### [Data]
++++++

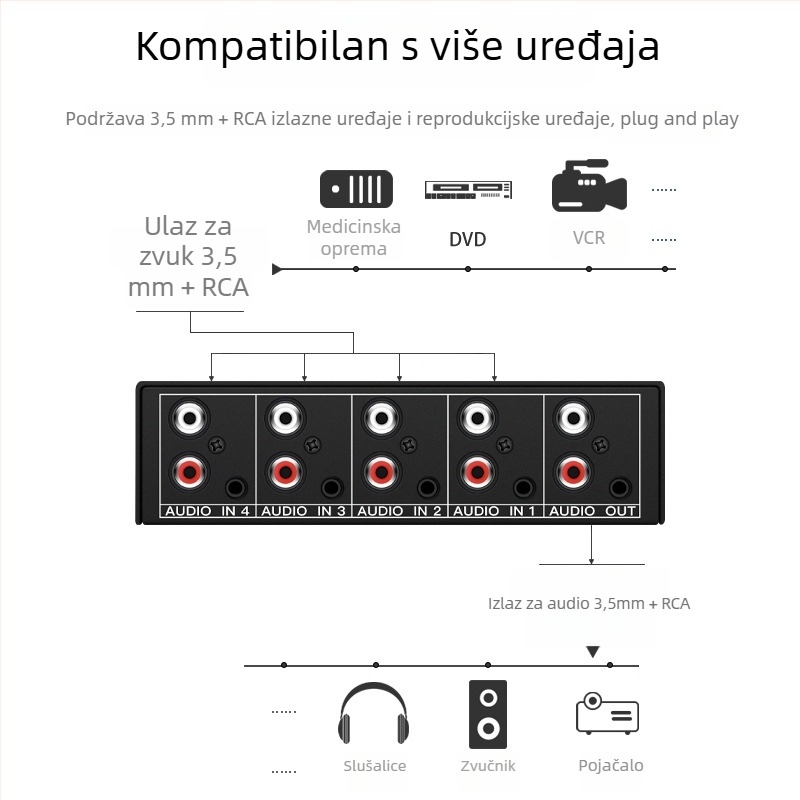 Tonli AUX-401 4-u-1 audio prekidač, stereo 3,5 mm priključak, visoka zvučna vjerodostojnost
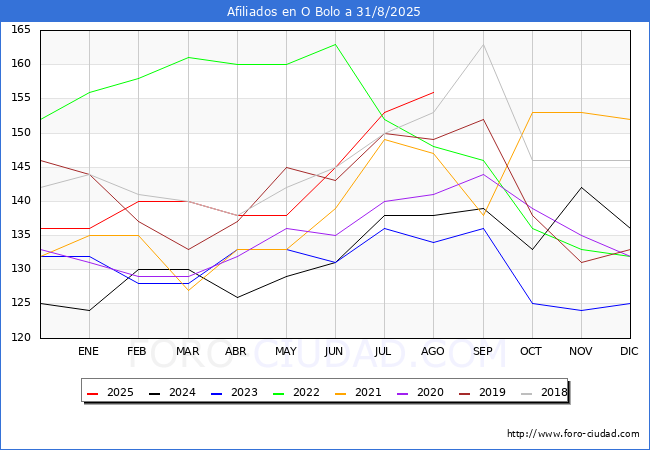 Evoluci�n Afiliados a la Seguridad Social para el Municipio de O Bolo hasta Agosto del 2025.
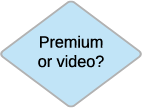 Premium or Video asset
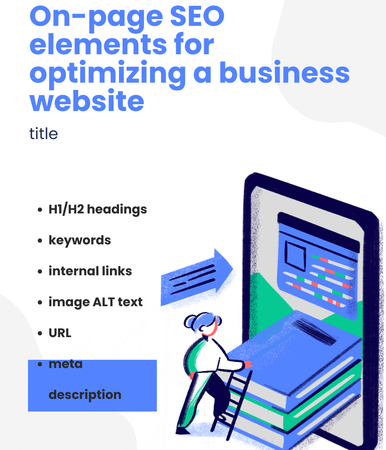 On-page SEO elements for optimizing a business website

++++++

### [Directions]
The copy should match each line above exactly and contain no images.

### [The answer]
 Tonli AUX-401 4-u-1 audio prekidač, stereo 3,5 mm priključak, visoka zvučna vjerodostojnost
 Evoluci�n Afiliados a la Seguridad Social para el Municipio de O Bolo hasta Agosto del 2025.
 Premium or Video asset
 On-page SEO elements for optimizing a business website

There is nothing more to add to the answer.